Востребованность общностью, потенциал социальной мобилизации и возможность разворачивать управляемые (и не очень) конфликтные ситуации с помощью инструментария проекта — все это часто остается вне поля зрения. Т. е. принципы работы самой технологии и условные вопросы «почему люди что-то делают и поступают так, а не иначе?» остаются без ответа.

Политические проекты на постсоветском пространстве, должны предлагать «господствующие означающие» которые будут затребованы общностью. Они должны учитывать степень нанесенной травмы общности, потерю ощущения целостности и самоуважения, при этом не предлагать мнимое самоуважение, не основанное на практической деятельности.

При работе с авторитарными проектами необходимо учитывать ряд факторов: отождествление политического проекта с государством, с последующей подменой одного другим; возможность радикальных и даже экстремистских проявлений в отстаивании представлений, т.к. предельный статус представлений общности может к этом приводить; моделирование потенциальных угроз общественным означающим для «тотальной мобилизации» общности создаёт неуправляемые конфликтные ситуации.

Для создания устойчивого и целостного социального объединения необходима унификация основных установок, мотиваций и представлений «нормальных» для различных общностей. Обеспечение непрерывного взаимодействия, обмена представлениями и их постепенная унификация — задача политической инфраструктуры. Что позволяет появиться более востребованному, конкурентоспособному и целостному новому проекту и, на его основе, модернизированной общности. Помимо «основных установок», необходимо также развивать и локальные, характерные для населения конкретной территории, исходя из текущего времени и ситуации. Для предотвращения полного растворения их специфических особенностей.

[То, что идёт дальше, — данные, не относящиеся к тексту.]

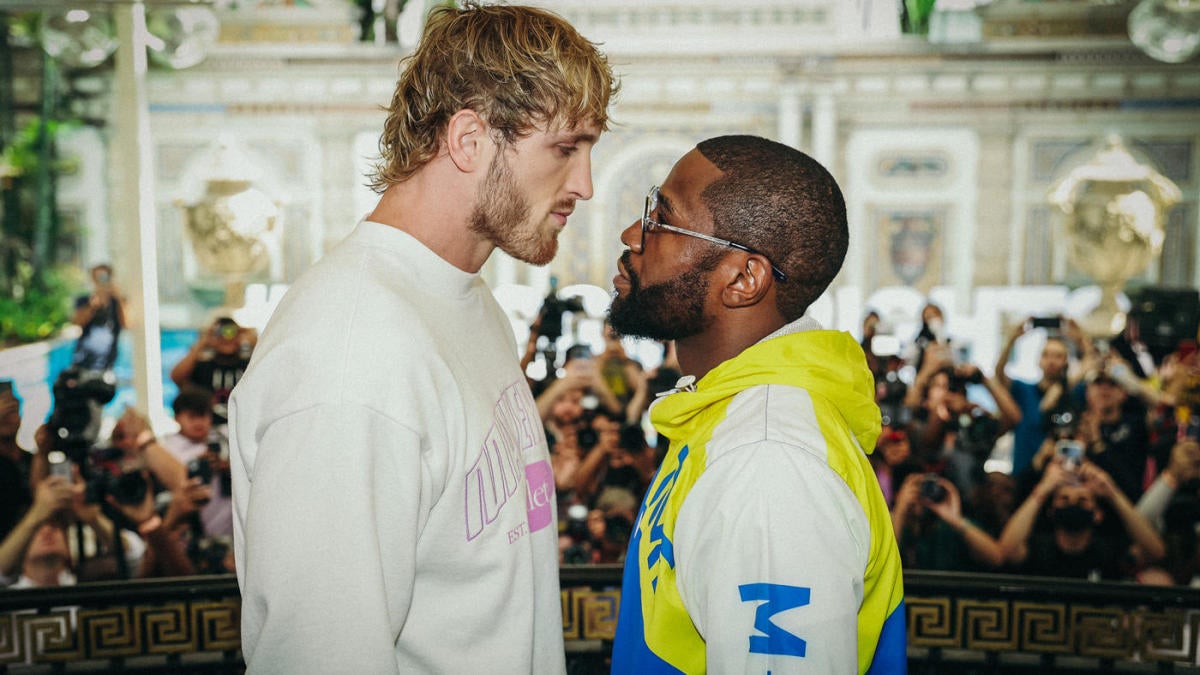 Floyd Mayweather Vs Logan Paul Fight Predictions Expert Picks Start Time Odds Undercard For Exhibition Cbssports Com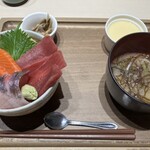 函館 まるかつ水産 - トリプルスリー丼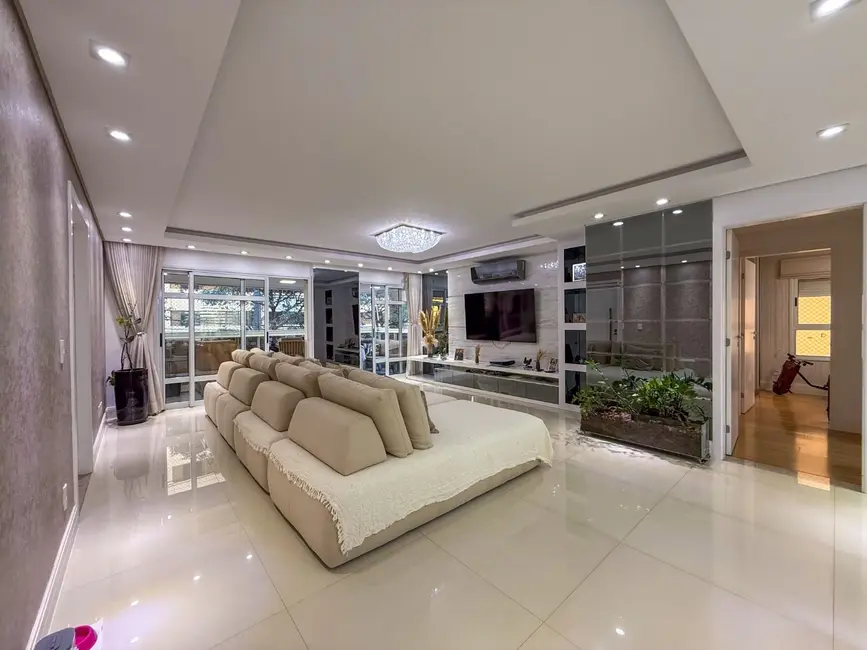 Foto 5 de Apartamento com 3 quartos à venda, 218m2 em Centro, Londrina - PR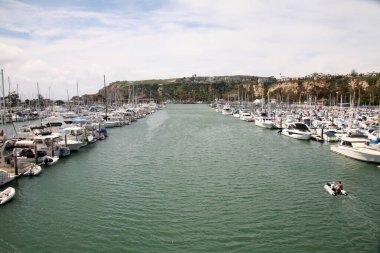 Dana Point. Dana Point, Güney Kaliforniya 'da, Orange County' de bir şehirdir. Dana Point Limanı, marinaları ve eklektik butikleriyle, yunus balıkları ve balina izleme gezileri için bir başlangıç noktasıdır. Dana Point 'te lüks yat ve teknelerin üzerinde gün batımı.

Общности необязательно должны быть иерархическими, вполне могут быть «распределенными» — легитимные не потому, что имеют прямую связь с тем, кто утвердил и «доказал» свою связь с «господствующими означающими» (например, лидером от имени которого принимаются решения на местах), а потому что, сами имеют такую связь, в равной степени и независимо от других. Тем самым предотвращая концентрацию полноты власти в одном месте.